Esta bravura, eu jamais ei de esquecer. Mais do que bravura, este sentimento maravilhoso chamado solidariedade nos mantem de pé e com firmeza para seguir em frente mesmo quando voce vê todo seu mundo desabado diante de si.
Queridos amigos, a vida continua. Vocês não precisam mais pagar impostos que em grande parte vai direto para os cofres da corrupção, votar e ouvir todos os dias na TV inúmeras atrocidades que as autoridades corruptas  nos obrigam engolir e viver. Voces também não precisam mais sentir o cheiro do egoísmo e da insensibilidade naquelas pessoas que se acham protegidas por um Deus criado por elas; um Deus que conforme a ótica delas, as pouparam por serem especiais e matou e vitimizou milhares de seres e pessoas que mereciam. Como são especiais estas pessoas! Tive que ouvir tudo isto destas pessoas ditas especiais, na verdade, especialistas em olhar só para elas próprias. Embora triste, tudo isto vale a pena. Isto tudo nos situa e nos traz uma nova consciência.  
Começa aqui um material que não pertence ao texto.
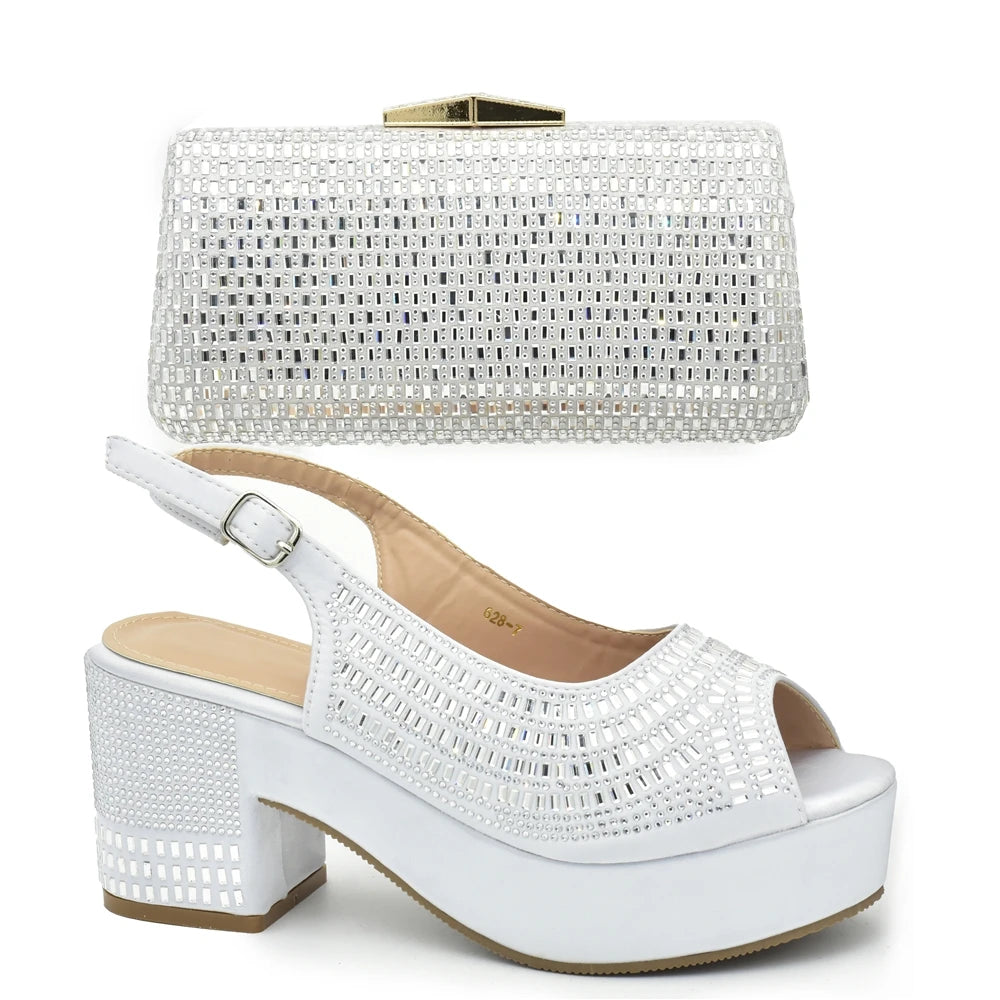 Africa Shoe and Bags Set Decorated with Rhinestone Wedges Shoes for Women Italian Women Wedding Shoes with Bag Set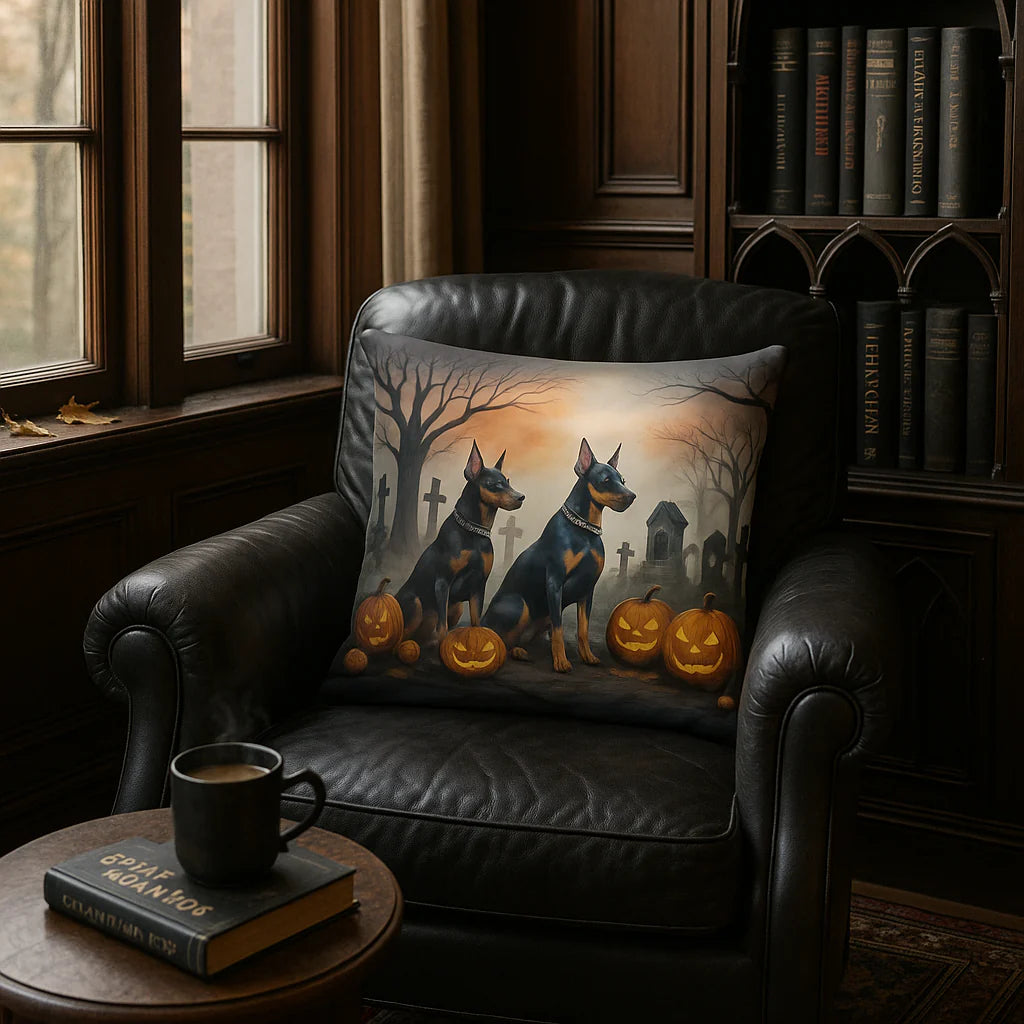 Premium Doberman Pinscher Spooky Halloween Throw Pillow - Machine Washable Indoor Outdoor Decorative Pillow for Couch, Bed or Patio (14"H x 14"W)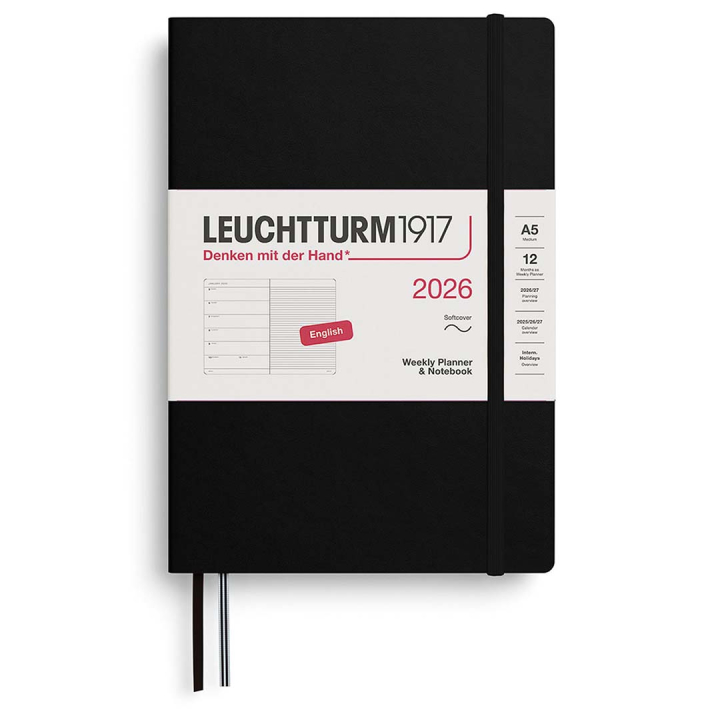 Kalender Weekly Planner & Notebook 2026 A5 Soft Cover Black i gruppen Papir & Blok / Kalendere / 12 mdr kalendere hos Pen Store (136238)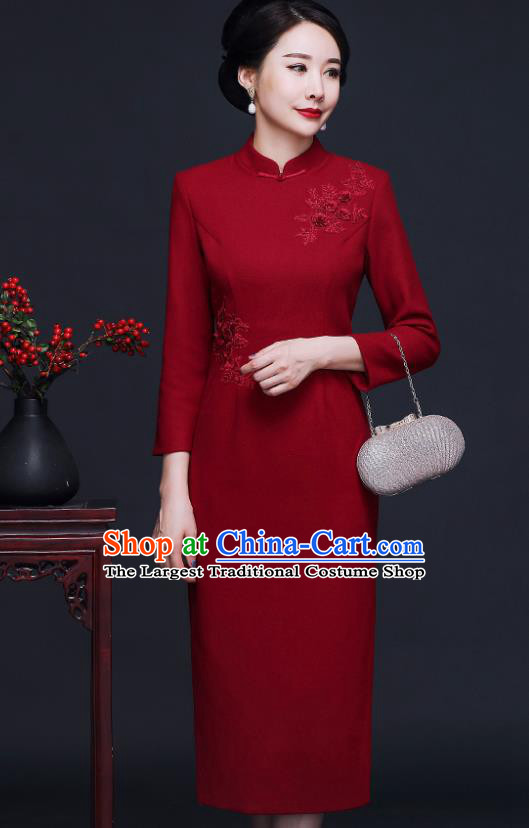 Traditional Chinese Embroidered Red Woolen Cheongsam Mother Tang Suit Qipao Dress for Women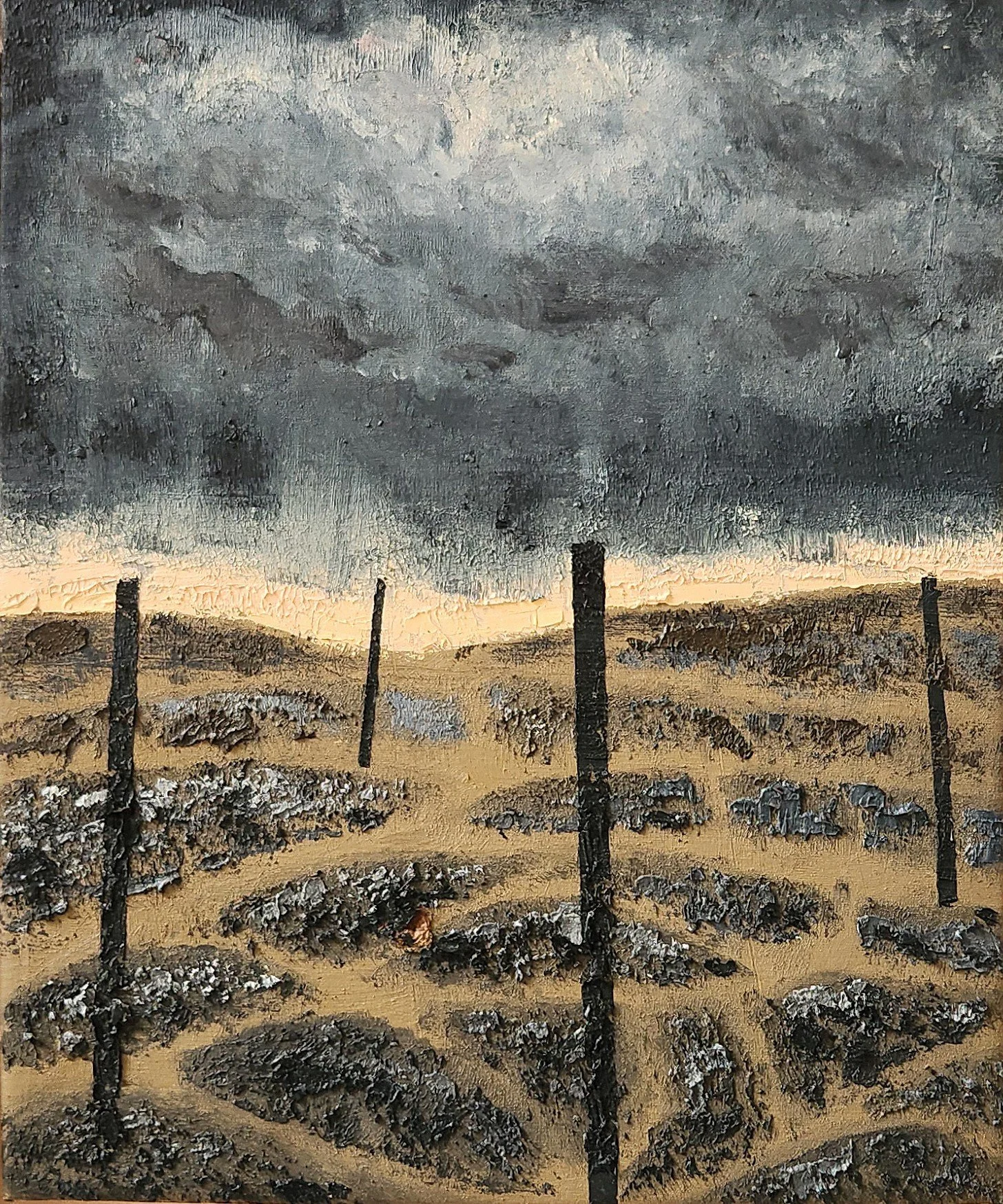 The New Dawn, 2025. Huile sur toile, 46 × 38 cm. Miško Pavlović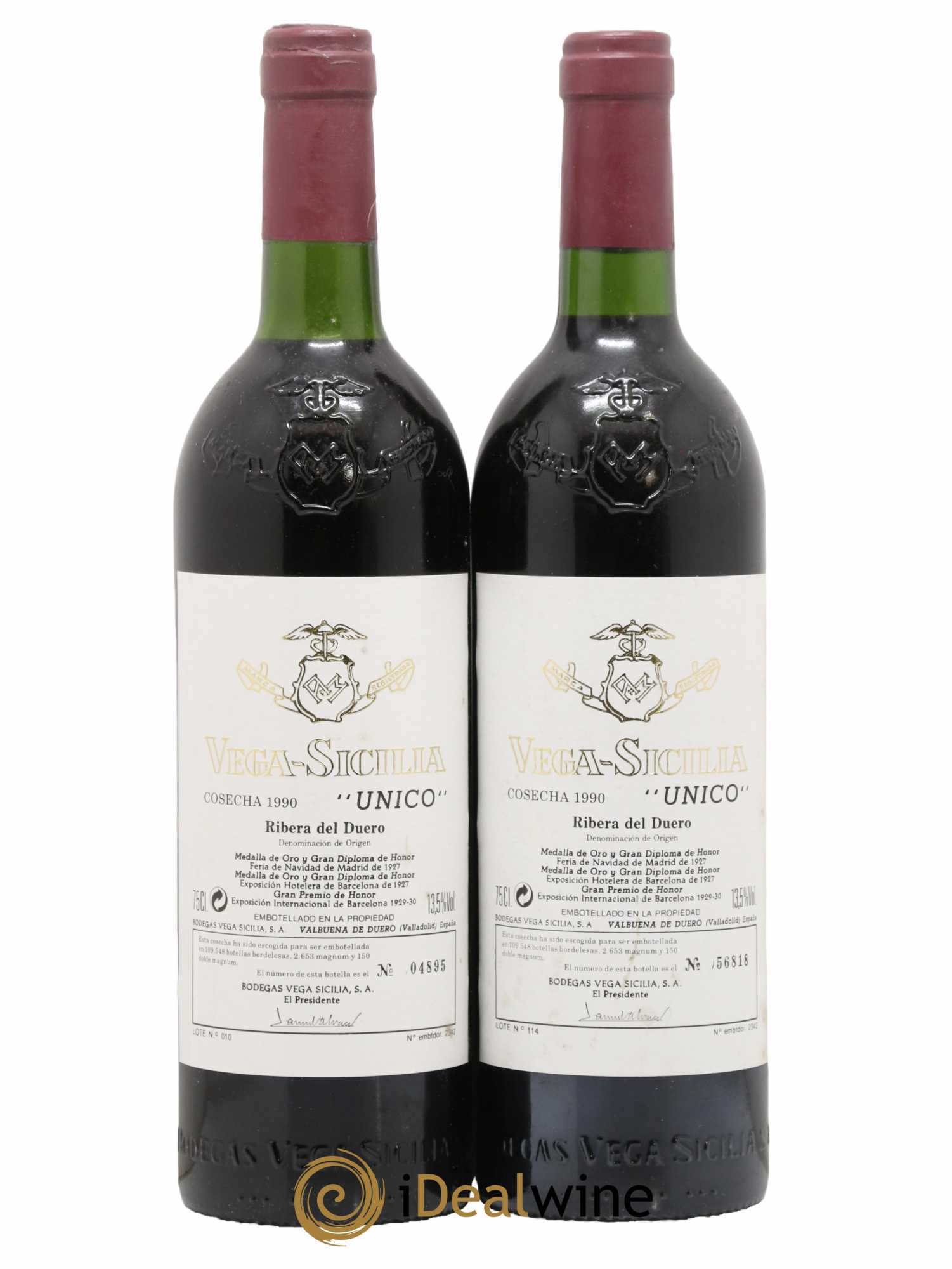 Ribera Del Duero DO Vega Sicilia Unico Famille Alvarez 1990 - Posten von 2 Flaschen - 0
Sinto que Deus reservou um paraíso maravilhoso para vocês. Pedi muito a ele que desse a vocês um lindo jardim para cuidar. Sei que amavam este ofício; e o nosso paraíso é sempre o lugar onde a gente possa fazer e viver o que mais ama. Em momentos de muita dor pensei: de que valeu aquele suor todo para construir um paraíso que foi em poucas horas totalmente destruído? Valeu muito! Descobri que o que vale mesmo não é o que fica materializado, mas o que a gente vive quando está construindo. O que vale é o que fica na nossa alma. Lá, infelizmente, restou pouca coisa, mas aqui dentro ficou todos os sentimentos bons que compartilhei com voces, com aquele lugar e com tudo que fazia parte dele. Enquanto construía eu era muito feliz, e esta felicidade não partiu com a partida de tanta coisa boa. Ela se eternizou e me transformou numa pessoa mais especial, pois quando a gente convive com  coisas, seres e situações especiais a gente se torna uma pessoa diferente. A gente não se torna mais especial que ninguém, nos tornamos mais especiais para nós mesmos.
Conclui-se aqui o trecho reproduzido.